Thanks I bought plastic tracks online as well as the glas. James that's what I thought so I ran to home depot and switched out the 75 watt for a 50 and its much better. About 2" above rock is 99 and actual rock hits 110. The ambient on the warm side is around 85 and on above the hide on cool side is 80-82 and under hide is upper 70s. The pet store in my area only had one reptisun 10.0 but they had a blowout sale on the reptiglo 8.0. It was 4 24" bulbs for $36!!  so for now I have one reptisun and the other is the glo. From what I have seen apparently the reptiglo 8.0 r better than the new reptiglo 10.0 even though they r gettin rid of them.


----------



## bangem1988 (Jul 24, 2012)

wow this enclosure is almost the exact same as mine


----------



## anelk002 (Jul 24, 2012)

I actually stole the idea from James lol the top 6" comes off so that it can fit through doors.


----------



## james.w (Jul 24, 2012)

What are the dimensions?
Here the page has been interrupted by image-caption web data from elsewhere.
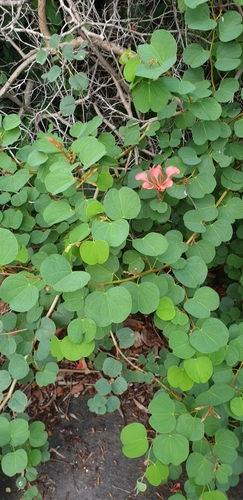 Bauhinia galpinii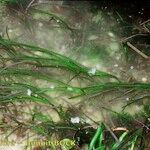 Zostera marina Outro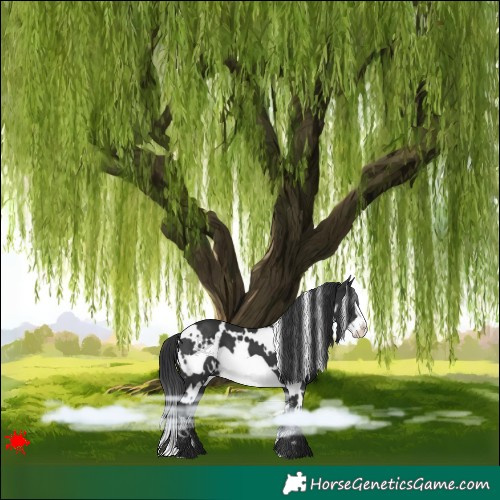 Horse Color:White Spotted Black Frame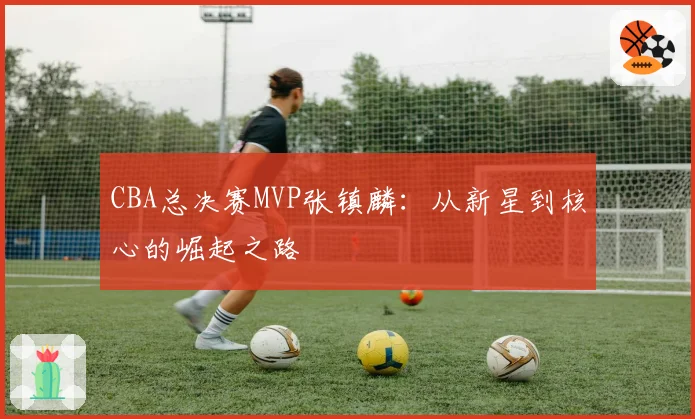 CBA总决赛MVP张镇麟：从新星到核心的崛起之路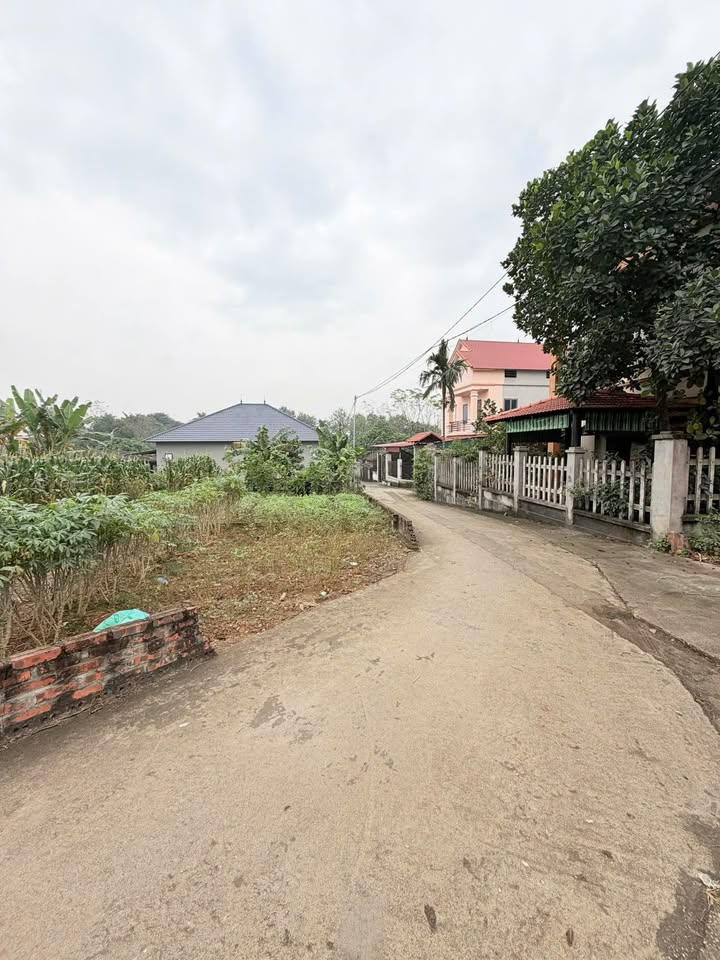 Đất nền lô góc 2 mặt tiền thôn Đình Thanh Vân, 88m² giá 800 triệu - Cơ hội đầu tư vàng!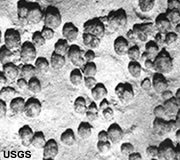 Manganese nodule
You may not need those vents. Are they close-able?


----------



## anelk002 (Jul 24, 2012)

It is 6x3x2.5 the vents arnt that big I was going for a little smaller but the cut out was just a tad too big so I had to go with bigger vents. the actual cutout is half that size.


----------



## Jeremyxb12 (Jul 24, 2012)

Wow that is awesome! anyone care to send some blueprints? lol


----------



## james.w (Jul 24, 2012)

In my 6*3*3.5 and my 8*3.5*3 I didn't have any vents. If you notice humidity is not staying up, try closing off the vents.


----------



## anelk002 (Jul 24, 2012)

Will do thanks. All this week I'm doing testing to make sure everything is where it needs to be. All day today humidity stayed between 65-70% and that's with no water bowl inside but ill keep an eye on it.


----------



## anelk002 (Jul 29, 2012)

So I switched to a 50watt bulb but even though temps of thermometer said they were fine it did not feel warm enough when I touched it. So I went and bought a good temp gun instead of the probe thermometers. It showed only 95 max so I upgraded to a 75 again and now it seems perfect with max in dead center at 115 but usually stays 108-110 in basking spot. So for people that use the probes I would def recommend a gun instead bc mine was almost 20 degrees off!!!


----------